Sure, the Chiefs and Royals have old stadiums. Taxpayers shouldn’t buy them new ones

On our dime

Yes, our baseball and football stadiums are old. But some say they are among the best in their leagues. There is talk of building new ones. I have two questions: What percentage of Jackson County residents can afford to attend even one game per year at either stadium? And what percentage of attendees at either of the stadiums actually resides in Jackson County?

If new stadiums are in Kansas City’s future, I believe the cost should be on those who would benefit from them. With the present state of our economy, no taxpayer money should be directed to the stadiums. Let’s address the homeless problem, food shortages, utility costs and education. The teams can build their own stadiums.

- Ken Henderson, Kansas City

Just a dreamer?

True, I am a nonagenarian, but I still dream the impossible dream. I dream that the sofa, chair and a heap of other castoffs piled on the street in my neighborhood will magically disappear and that the people who placed them there, who reside at that address, will be fined heavily. This has been going on since they took occupancy about a year ago.

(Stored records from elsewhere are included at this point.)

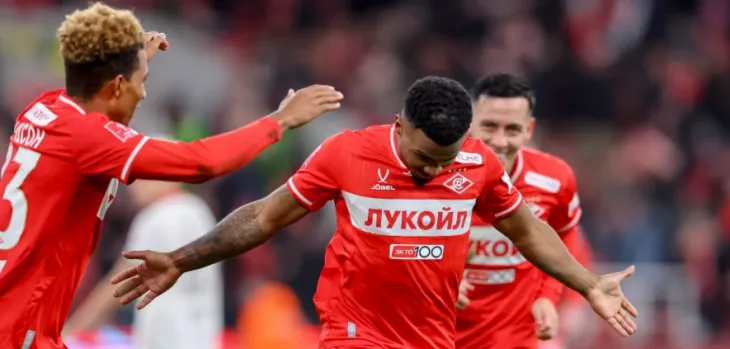 ФК Спартак Москва, Црвена Звезда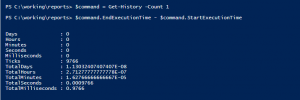 powershell-execution-time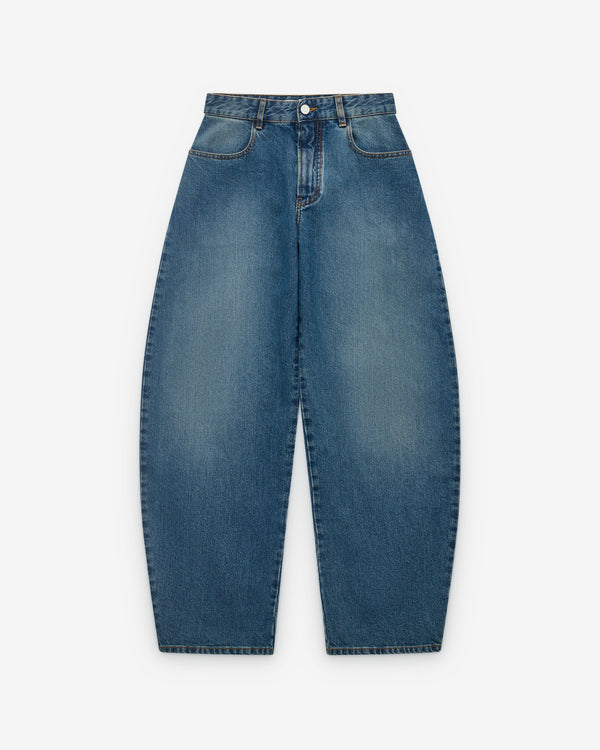 Alaïa - Women’s Low Waist Round Jeans - (Mineral)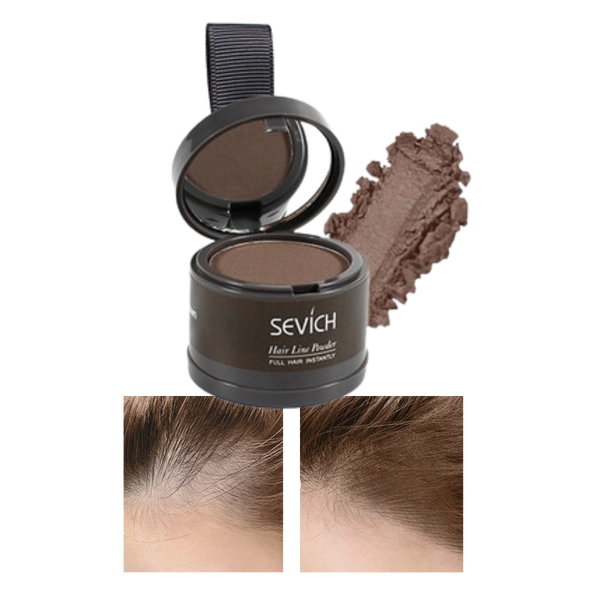 Waterproof Hairline Concealer Powder For Seamless Coverage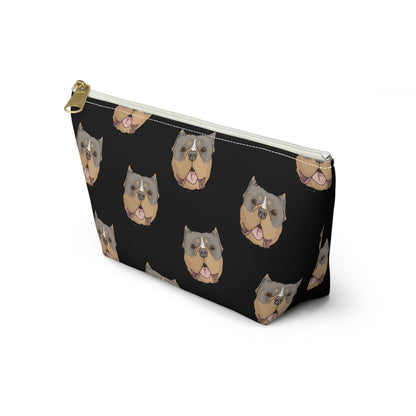 American Bully | Pencil Case - Detezi Designs-32798462454893070344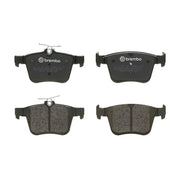 Brembo 4 x Rear Brake Pad Set P85191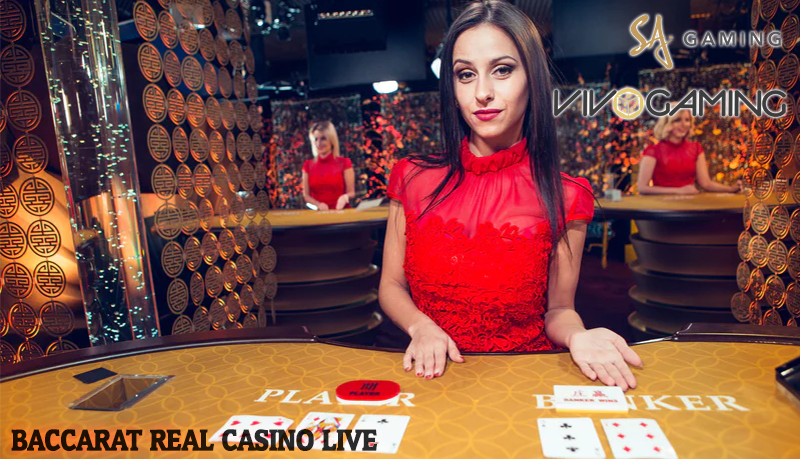 baccarat real casino live SA gaming & vivo gaming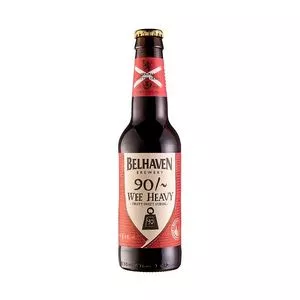 Cerveja Belhaven Wee Heavy<BR>- Escócia, Dunbar<BR>- 330ml
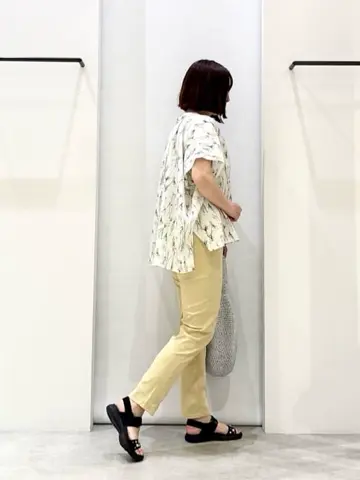 ONWARD CROSSET SELECT 横田 コーディネート画像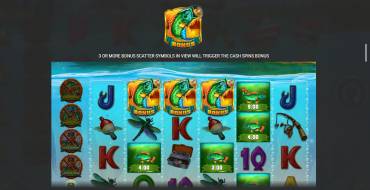 Big Catch Even Bigger Bass: Gratisdrehs und/oder Neudrehungen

The city’s 311 action center has not been effective in this case. A former City Council member assisted in forcing a cleanup of the site earlier this year, but the offenders are incorrigible. No sooner had the first mess been cleaned up than they started building a new pile in the street.

It is an eyesore and an embarrassment to our otherwise respectable neighborhood. I will keep on dreaming my seemingly impossible dream.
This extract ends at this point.